Она кивнула, игнорируя его мягкую иронию.
– Я и правда учусь, отче. Меня интересуют новые знания, – ответила она. – Труды греков, которые начали переводить арабские ученые, чтобы мы все могли черпать из них мудрость.
– Да благословит тебя Бог, дитя мое, – с жаром проговорил он. – Я буду молиться, чтобы Господь коснулся твоего сердца и чтобы ты была готова получать знания через откровения, а не через учение человеков. Но разве тебе не хочется снова вернуться домой?
Она на секунду задумалась.
– Я и не знаю, какое место сейчас могу назвать домом. Тот дом, где я выросла – замок Лукретили, – захвачен вором, братом моей подруги, а я поклялась помочь ей его вернуть. Я была бы рада за него сражаться и увидеть, как он будет ей возвращен. Но даже если мы победим, даже если она вернется домой, чтобы там жить… я не смогу говорить, что это действительно мой дом. – Ишрак устремила на него открытый взгляд черных глаз. – Отче, иногда я начинаю бояться, что мне нигде нет места. У меня нет ни отца, ни матери, ни дома.

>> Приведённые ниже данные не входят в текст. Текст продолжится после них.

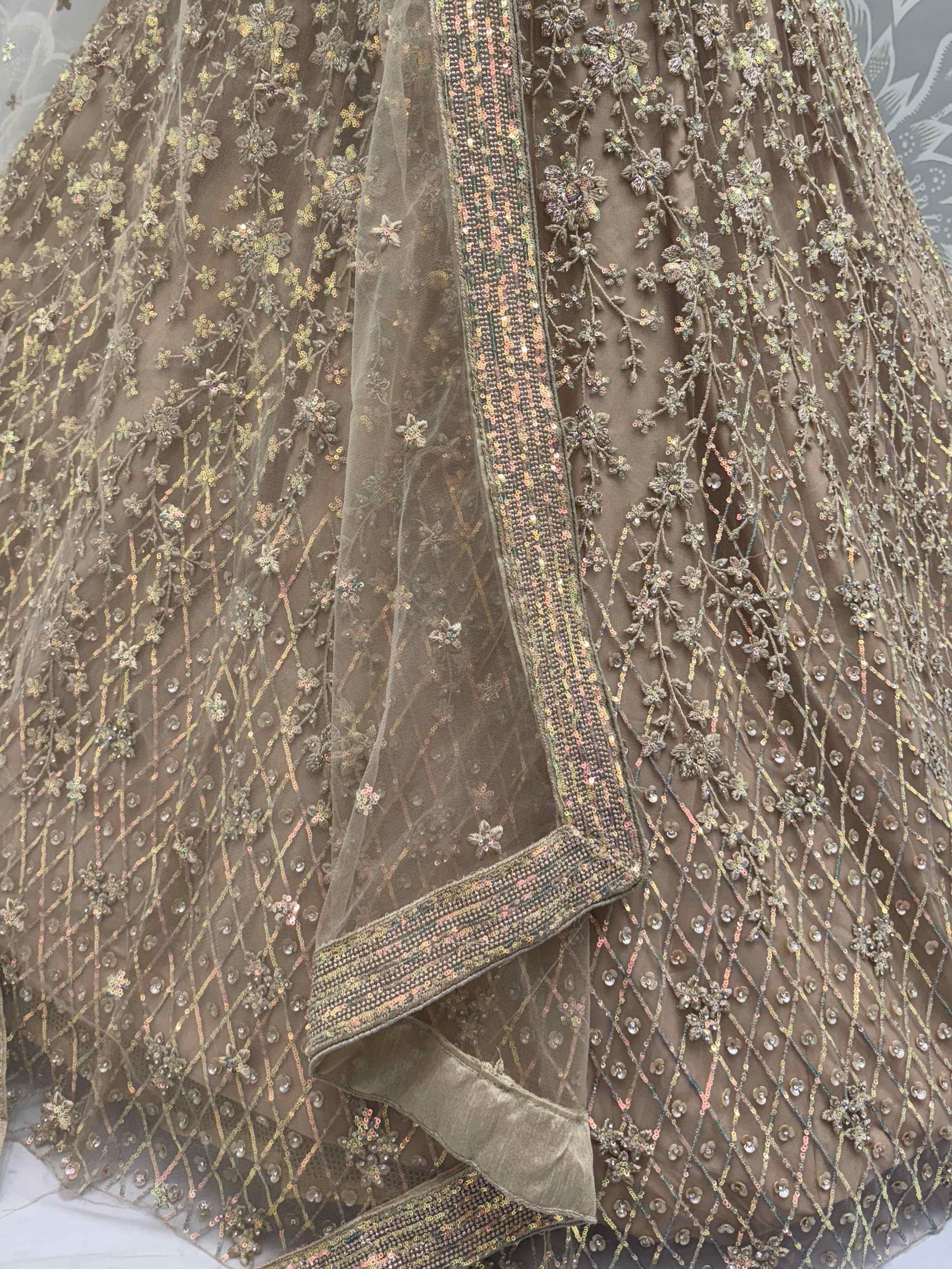 Beige Fantastic Net Multi-Thread Work Wedding Lehenga Choli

– А может, ты свободна, – негромко заметил отец Пьетро.
Мысль оказалась настолько новой, что Ишрак ничего не ответила.
Он улыбнулся.
– Принадлежать кому-то – значит всегда быть чем-то связанным: долгом верности, работой, временем, любовью, налогами. Ты – необычная молодая женщина, раз не принадлежишь ни какому-то мужчине, ни какому-то месту. Тобой не распоряжается твой хозяин или твой муж. Это значит, ты вольна выбирать, где жить. Ты вольна выбирать, как жить.

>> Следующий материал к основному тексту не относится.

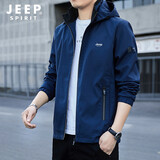 JEEP SPIRIT吉普夹克男秋冬季男士休闲可脱连帽外套中青年男装上衣修身茄克衫 蓝色薄款2186 2XL (140-155斤)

– Я… – промямлила Ишрак, – это правда. Я свободна.
Он поднял палец.
– И потому сделай правильный выбор, дщерь моя. Постарайся идти путями Господними. Ты свободна жить свободно по Его святым законам.
Затем он с мягкой улыбкой обратился к Фрейзе:
– А ты, сын мой, во Христе?
– О, я никому не интересен! – жизнерадостно сообщил Фрейзе. – Раньше помогал на кухне в монастыре, теперь служу молодому господину. Денег всегда мало, всегда хочется есть, всегда радуюсь. Обо мне не тревожьтесь.

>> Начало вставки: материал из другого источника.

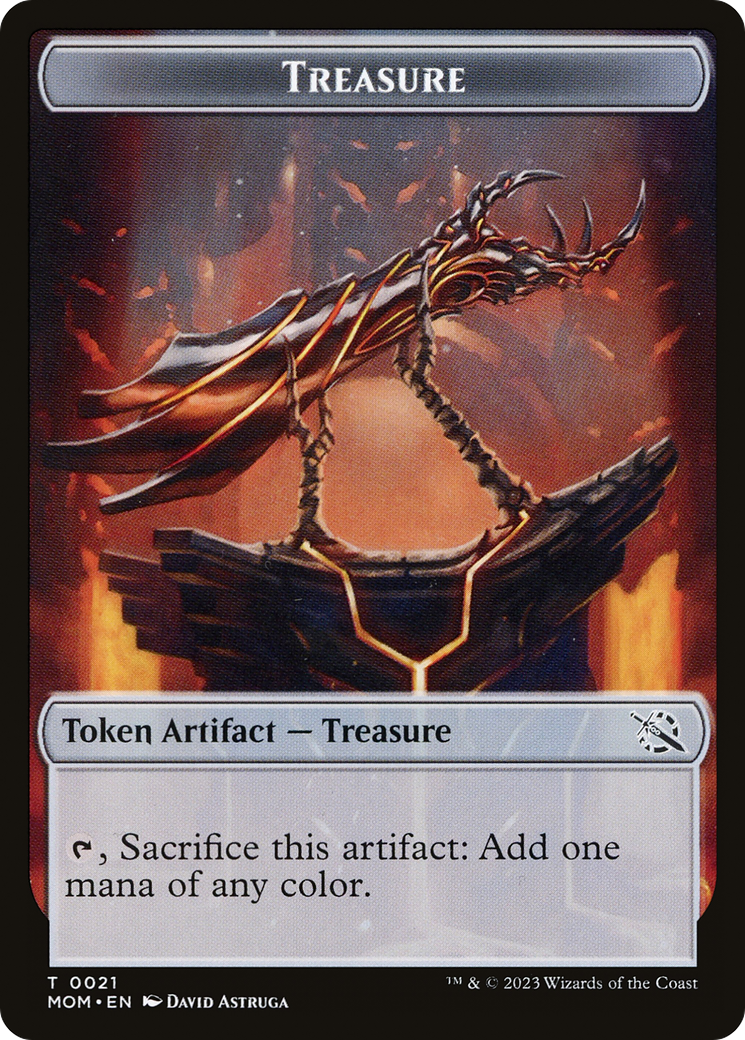 Treasure (21) // Teferi Akosa of Zhalfir Emblem Double-Sided Token [Tokens] March of the Machine Tokens MTG Single Magic: The Gathering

– Ты посещаешь церковь? – спросил отец.
– Да, конечно, отче, – подтвердил Фрейзе, почувствовав легкий укол стыда: ходил-то он туда регулярно, а вот слушал редко.
– Тогда ходи путями Господними, – посоветовал ему отец, – и помогай бедным, а не игрокам.
Ишрак округлила глаза, удивляясь, что отец видел, как они делали ставки в игре с шариком и стаканчиками.
– А они всегда здесь? – спросила она.
– Каждый день, и одному только Богу известно, сколько пикколи они собирают с глупцов и транжир, – ответил он. – Это – ловушка для простаков, и каждый день они уходят отсюда с набитым серебром кошелем. Больше не трать на них деньги. – Он улыбнулся и, подняв руку, благословил их обоих. – И передай своему хозяину, что я жду его завтра.